Sokolski v. Trans Union Corp.

178 F.R.D. 393, 1998 U.S. Dist. LEXIS 10790, 1998 WL 159791
CourtDistrict Court, E.D. New York
DecidedMarch 24, 1998
DocketNo. 96-CV-3004(LDW)(ETB)
StatusPublished
Cited by37 cases

This text of 178 F.R.D. 393 (Sokolski v. Trans Union Corp.) is published on Counsel Stack Legal Research, covering District Court, E.D. New York primary law. Counsel Stack provides free access to over 12 million legal documents including statutes, case law, regulations, and constitutions.

Bluebook
Sokolski v. Trans Union Corp., 178 F.R.D. 393, 1998 U.S. Dist. LEXIS 10790, 1998 WL 159791 (E.D.N.Y. 1998).

Opinion

MEMORANDUM OPINION AND ORDER

BOYLE, United States Magistrate Judge.

Plaintiff Robert E. Sokolski brings this action against Trans Union Corporation (“TUC”) and Bank One Corporation (“BOC”), alleging violations of the Fair Debt Collection Practices Act (“FDCPA”), see 15 U.S.C. § 1692, et seq., and § 349 of the New York General Business Law. Presently before the court is plaintiffs motion to amend his complaint to add a class action under Rule 15 of the Federal Rules of Civil Procedure, to correct the caption to substitute the correct name of a party defendant, to extend discovery, to compel compliance with document demands, and for leave to file interrogatories nunc pro tunc.

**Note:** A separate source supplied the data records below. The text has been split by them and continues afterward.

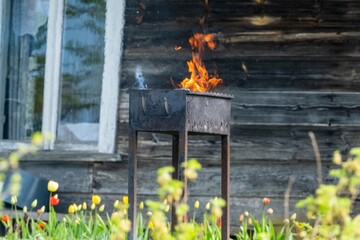 Rustic Grill Ignites Amidst Blooming Spring Garden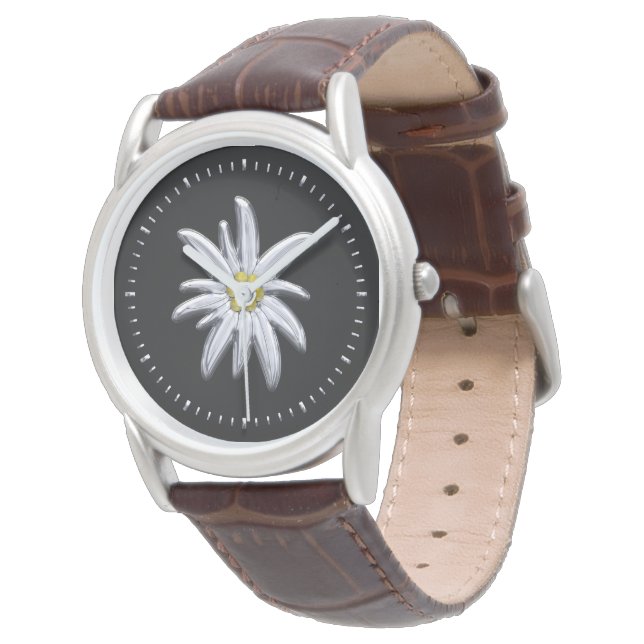 Silver Edelweiss Watch (Angled)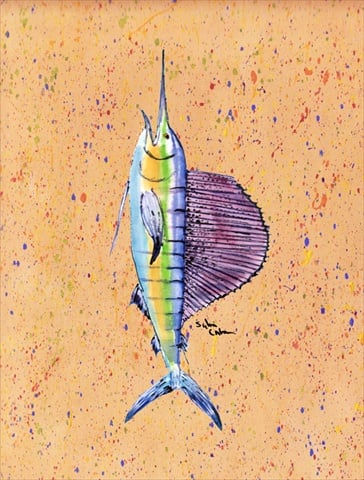 Fish Sailfish Flag Canvas House Size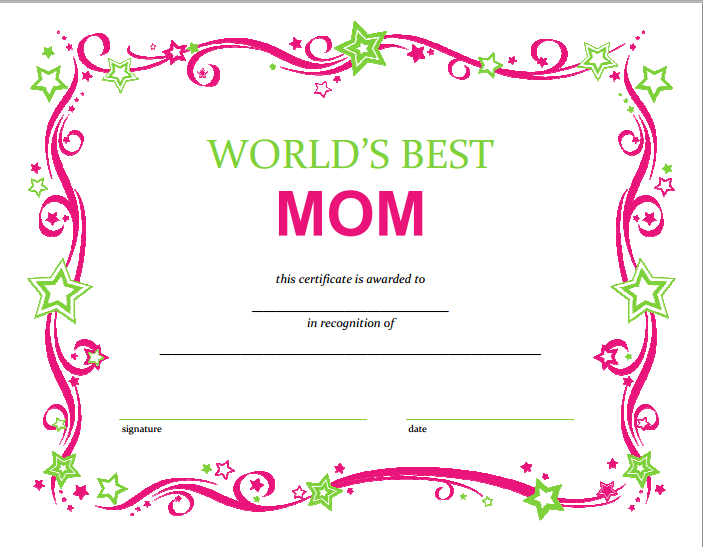 Mothers Day Printable Gift Certificates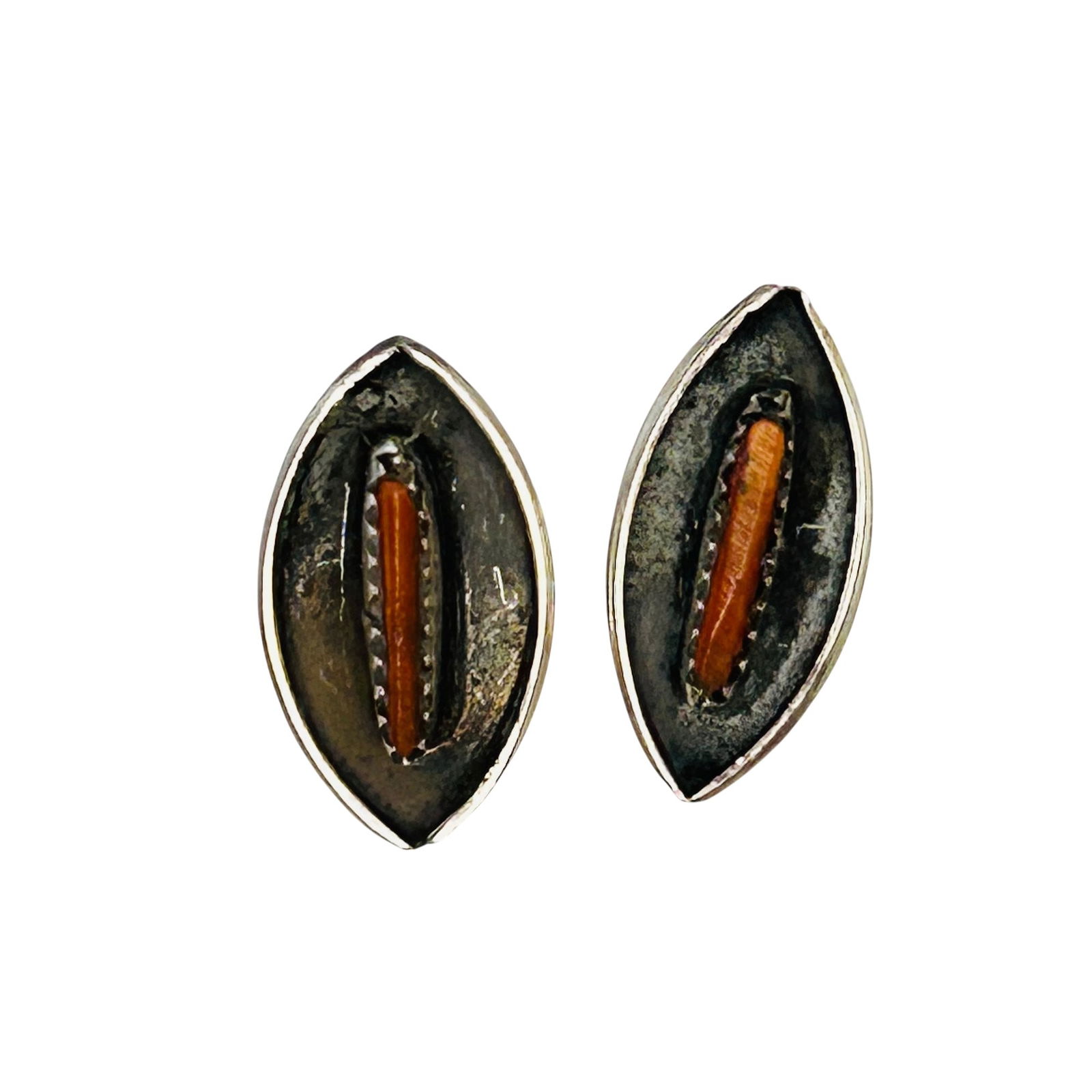 Zuni Sterling Coral Shadow Box Studs: Zuni Sterling needlepoint coral shadow box stud earrings .81 grams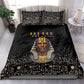 Taharqa Bedding Set with Black Pharaoh Portrait, 25th Dynasty of Egypt Text and Nubian-Inspired - African Pride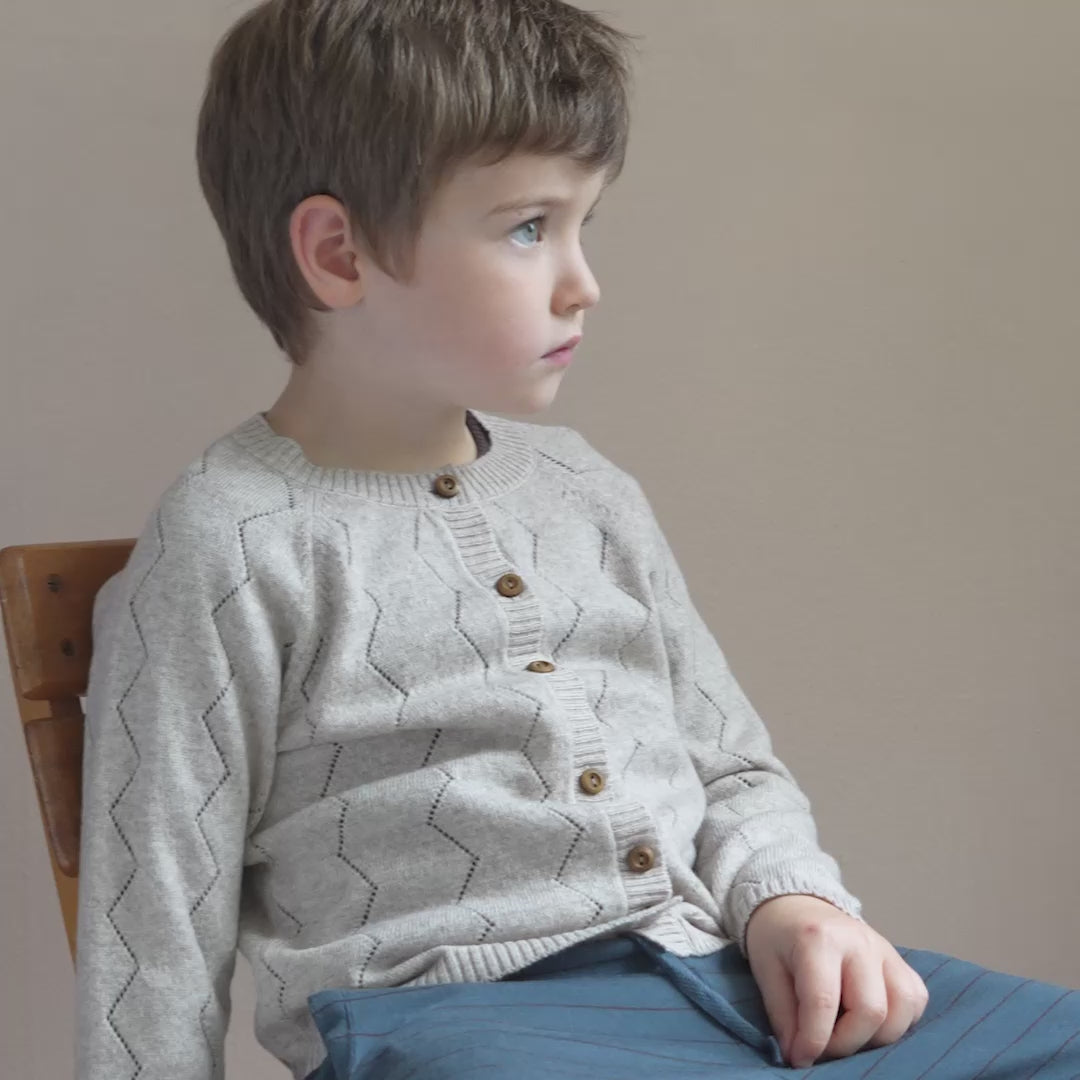 minimalisma Inkaz - Children's cashmere/wool cardigan Blouse for kids Ecru Melange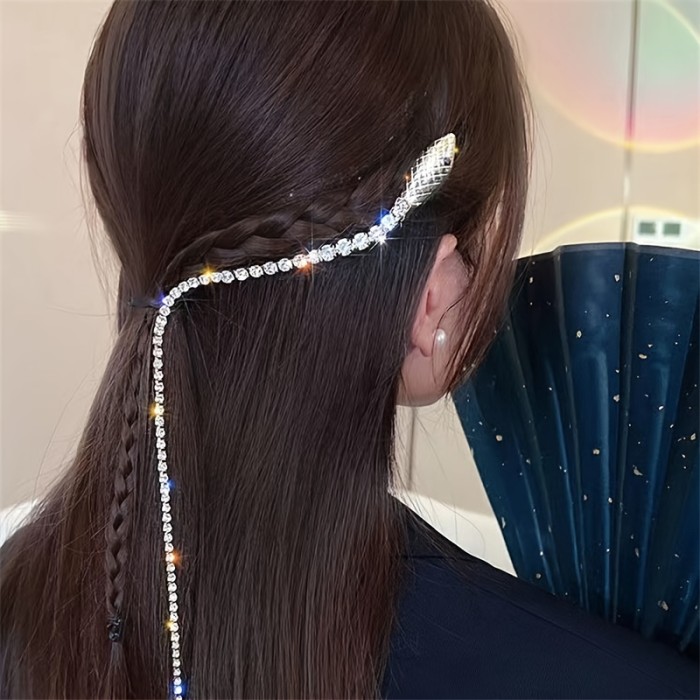 Sparkle Rhinestone Hair Chains Shiny Punk Snake Shape Tassel Hair Clips Long Decorative Ponytails Accessories Hairpins For Women Girls Hair Headwear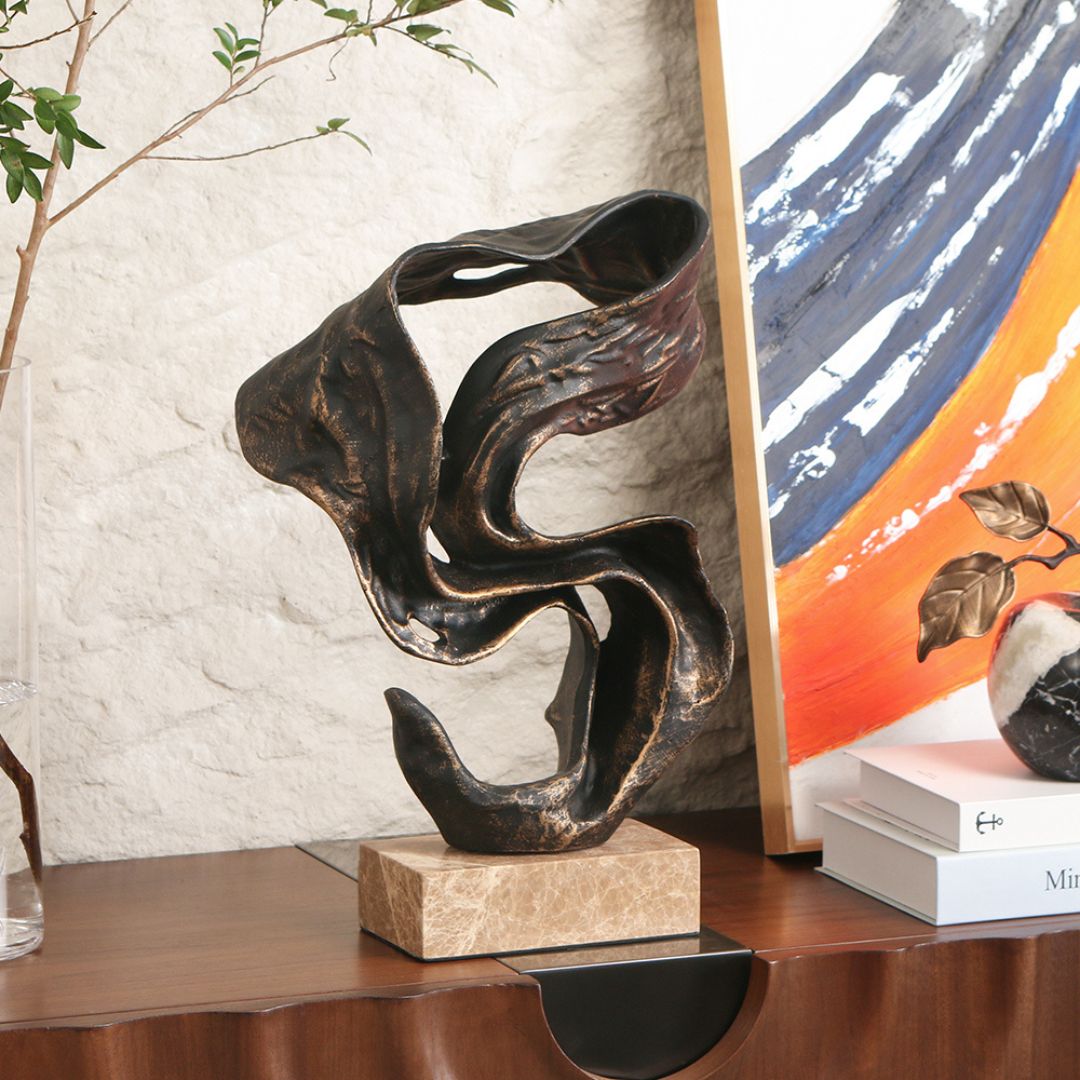 Pre-order 15 Days Delivery Flowing Ribbon Sculpture KA5189A - Home Decor Figurines - ebarza Furniture UAE | Shop Modern Furniture in Abu Dhabi & Dubai - مفروشات ايبازرا في الامارات | تسوق اثاث عصري وديكورات مميزة في دبي وابوظبي
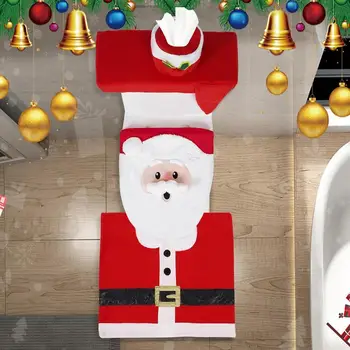 Kalėdų Eglutė Vonios Rinkinys Dušo Užuolaidų Komplektas Vandeniui Santa Claus Anti-slydimo Kilimėliai Tualeto Dangčio Vonios Užuolaidos su Kabliukais Rinkinys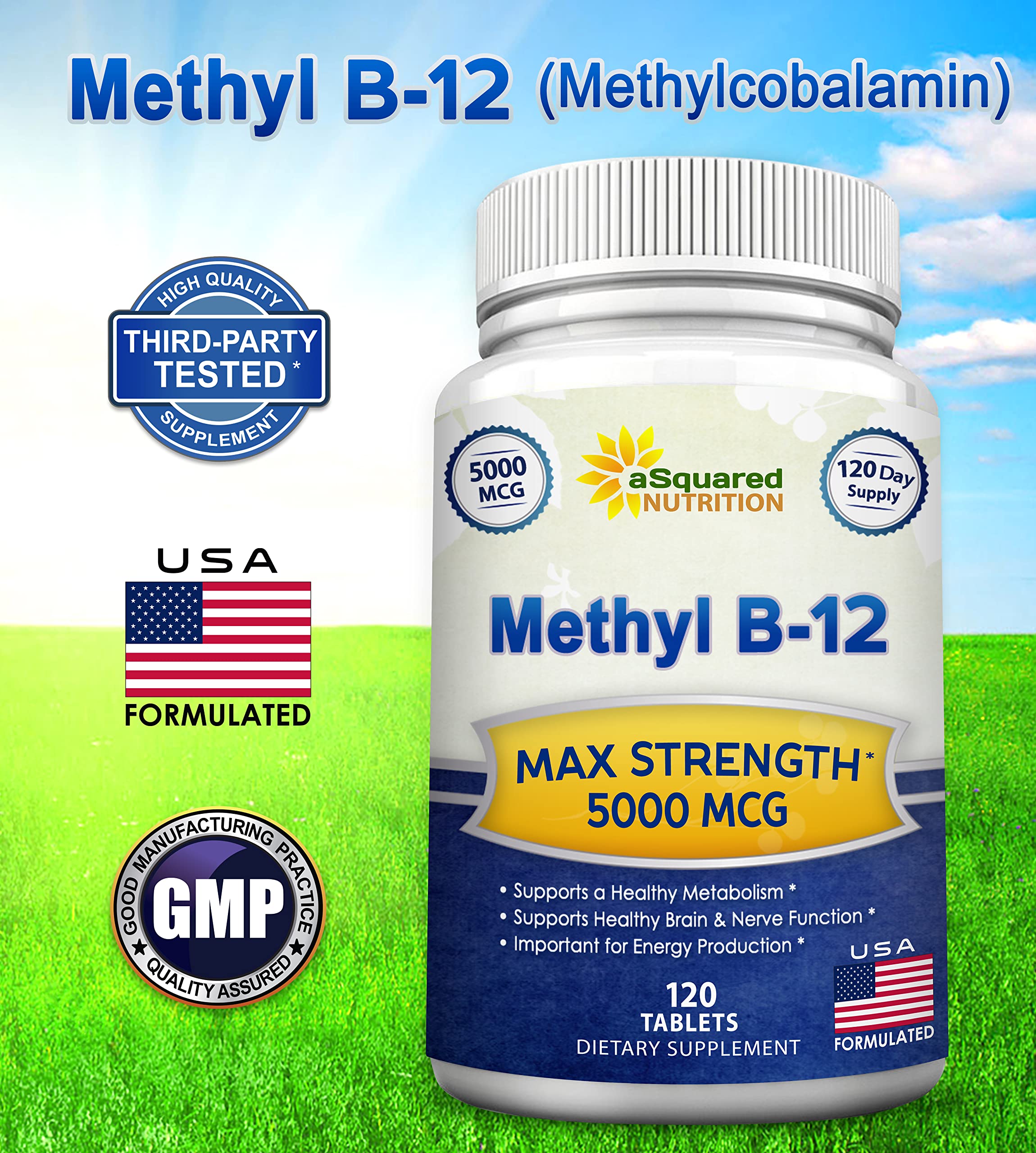 Foto 5 pulgar | Suplemento De Vitamina B12-5000 Mcg De Squared Nutrition, 120 Comprimidos - Venta Internacional.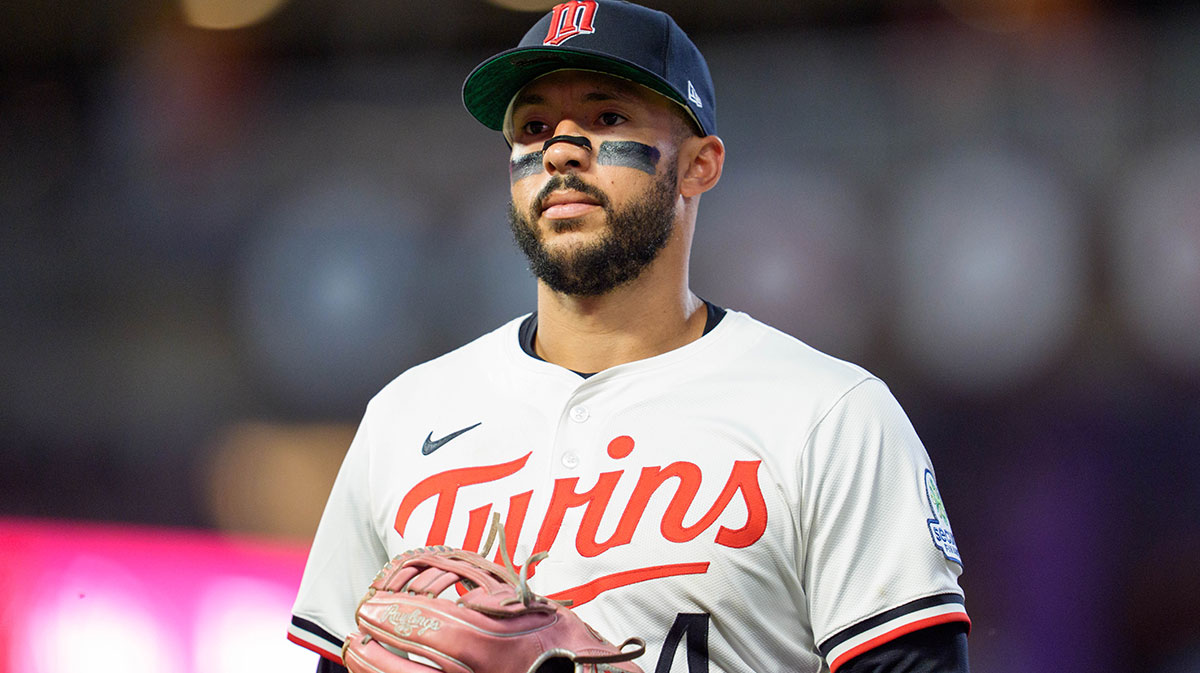 Minnesota Twins shortstop Carlos Correa (4) walks to the dugout after the ninth inning against the Washington Nationals at Target Field.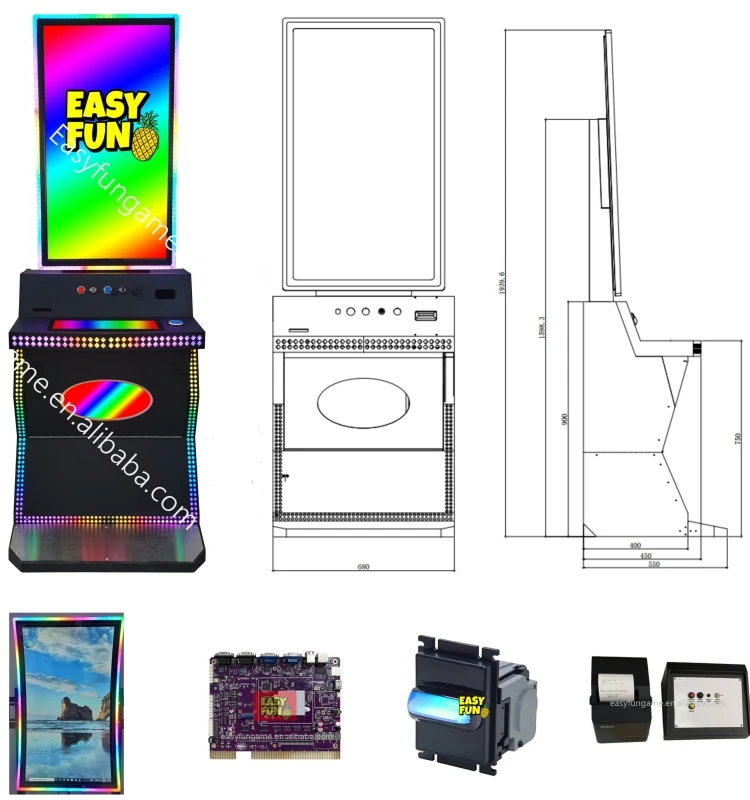 2024 Newest Popular 43 Inch Curved Touch Screen LED Gaming Monitor Metal Cabinet USA style game machines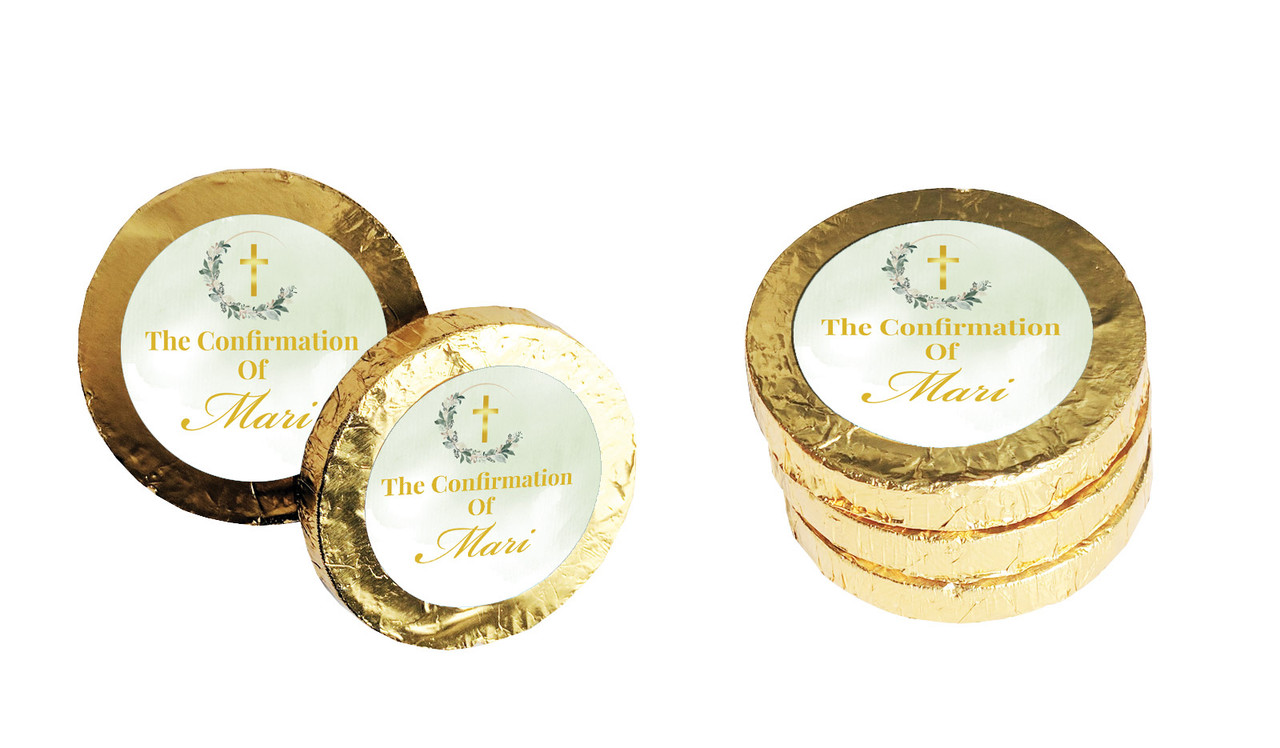 Greenery Hoop Confirmation Chocolate Coins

The primary issue relates to the motion to amend which raises the question of whether an individual plaintiff may be permitted to amend his complaint to include a class of plaintiffs under the relation back theory— Rule 15(c) of the Federal Rules of Civil Procedure — where the statute of limitations to add such a class has expired. For the reasons stated below, the court grants in part, and denies in part, the plaintiffs requests for relief.

BACKGROUND

On June 20, 1995, plaintiff Robert Sokolski received a collection letter on Trans Union Columbus Division letterhead. See Letter from Trans Union to Robert Sokolski, dated June 15, 1995, attached as Exh. A to Pltff.’s Mem. in Supp. of Mot. to Amend. The letter states “[w]e at Trans Union are a national credit bureau, and we are writing out of concern for your credit rating.” Id. The letter states that the plaintiff owed a $40.00 payment to defendant BOC, which was late and would soon be reported as past due. Id. The letter further states that BOC had permitted TUC to contact the plaintiff regarding the matter. Finally, the letter requests plaintiff to send payment immediately in order to protect his credit rating. Id. In response to this letter, plaintiff paid $40.00 to BOC. See Cplt., at ¶ 35, dated June 14, 1996.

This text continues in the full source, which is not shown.